Work request: Transcribe, exactly as they appear, only the lines from the one holding "D'accompagnement Carte de" through the end of the entries below.

Data items:
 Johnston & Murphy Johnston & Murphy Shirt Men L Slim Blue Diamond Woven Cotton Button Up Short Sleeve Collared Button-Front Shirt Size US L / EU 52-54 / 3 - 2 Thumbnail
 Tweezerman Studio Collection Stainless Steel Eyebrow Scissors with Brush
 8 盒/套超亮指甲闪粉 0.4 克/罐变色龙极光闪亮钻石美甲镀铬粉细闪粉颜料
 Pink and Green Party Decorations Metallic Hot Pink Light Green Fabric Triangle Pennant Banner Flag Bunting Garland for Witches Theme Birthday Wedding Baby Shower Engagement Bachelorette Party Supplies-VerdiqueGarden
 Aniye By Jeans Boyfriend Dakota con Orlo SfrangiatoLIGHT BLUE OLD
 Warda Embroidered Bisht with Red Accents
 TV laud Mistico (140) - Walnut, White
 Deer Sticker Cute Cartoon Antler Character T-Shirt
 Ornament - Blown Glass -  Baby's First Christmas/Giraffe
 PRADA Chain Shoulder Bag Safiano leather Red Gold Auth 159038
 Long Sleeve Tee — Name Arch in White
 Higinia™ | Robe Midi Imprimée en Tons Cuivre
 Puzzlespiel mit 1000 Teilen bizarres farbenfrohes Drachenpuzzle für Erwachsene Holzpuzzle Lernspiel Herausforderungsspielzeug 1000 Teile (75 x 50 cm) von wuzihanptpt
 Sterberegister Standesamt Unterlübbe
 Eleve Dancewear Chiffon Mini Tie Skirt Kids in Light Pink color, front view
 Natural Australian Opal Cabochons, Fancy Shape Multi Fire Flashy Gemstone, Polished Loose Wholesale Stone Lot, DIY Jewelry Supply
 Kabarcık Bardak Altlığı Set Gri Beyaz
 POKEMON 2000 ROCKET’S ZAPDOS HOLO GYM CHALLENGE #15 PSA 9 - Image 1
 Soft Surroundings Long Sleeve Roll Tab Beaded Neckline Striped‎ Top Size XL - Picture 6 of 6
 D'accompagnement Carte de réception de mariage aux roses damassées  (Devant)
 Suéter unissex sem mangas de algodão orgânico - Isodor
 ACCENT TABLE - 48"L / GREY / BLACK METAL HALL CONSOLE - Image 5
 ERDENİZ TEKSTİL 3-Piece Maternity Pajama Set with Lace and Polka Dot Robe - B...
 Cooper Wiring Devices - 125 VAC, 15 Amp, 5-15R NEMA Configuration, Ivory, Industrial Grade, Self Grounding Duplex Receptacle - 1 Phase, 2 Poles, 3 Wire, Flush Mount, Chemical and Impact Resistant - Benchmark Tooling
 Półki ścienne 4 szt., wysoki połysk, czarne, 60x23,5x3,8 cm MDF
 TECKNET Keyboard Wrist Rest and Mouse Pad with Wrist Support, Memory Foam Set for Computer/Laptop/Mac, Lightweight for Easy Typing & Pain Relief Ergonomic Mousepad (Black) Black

Reply to the task:
 D'accompagnement Carte de réception de mariage aux roses damassées  (Devant)
 Suéter unissex sem mangas de algodão orgânico - Isodor
 ACCENT TABLE - 48"L / GREY / BLACK METAL HALL CONSOLE - Image 5
 ERDENİZ TEKSTİL 3-Piece Maternity Pajama Set with Lace and Polka Dot Robe - B...
 Cooper Wiring Devices - 125 VAC, 15 Amp, 5-15R NEMA Configuration, Ivory, Industrial Grade, Self Grounding Duplex Receptacle - 1 Phase, 2 Poles, 3 Wire, Flush Mount, Chemical and Impact Resistant - Benchmark Tooling
 Półki ścienne 4 szt., wysoki połysk, czarne, 60x23,5x3,8 cm MDF
 TECKNET Keyboard Wrist Rest and Mouse Pad with Wrist Support, Memory Foam Set for Computer/Laptop/Mac, Lightweight for Easy Typing & Pain Relief Ergonomic Mousepad (Black) Black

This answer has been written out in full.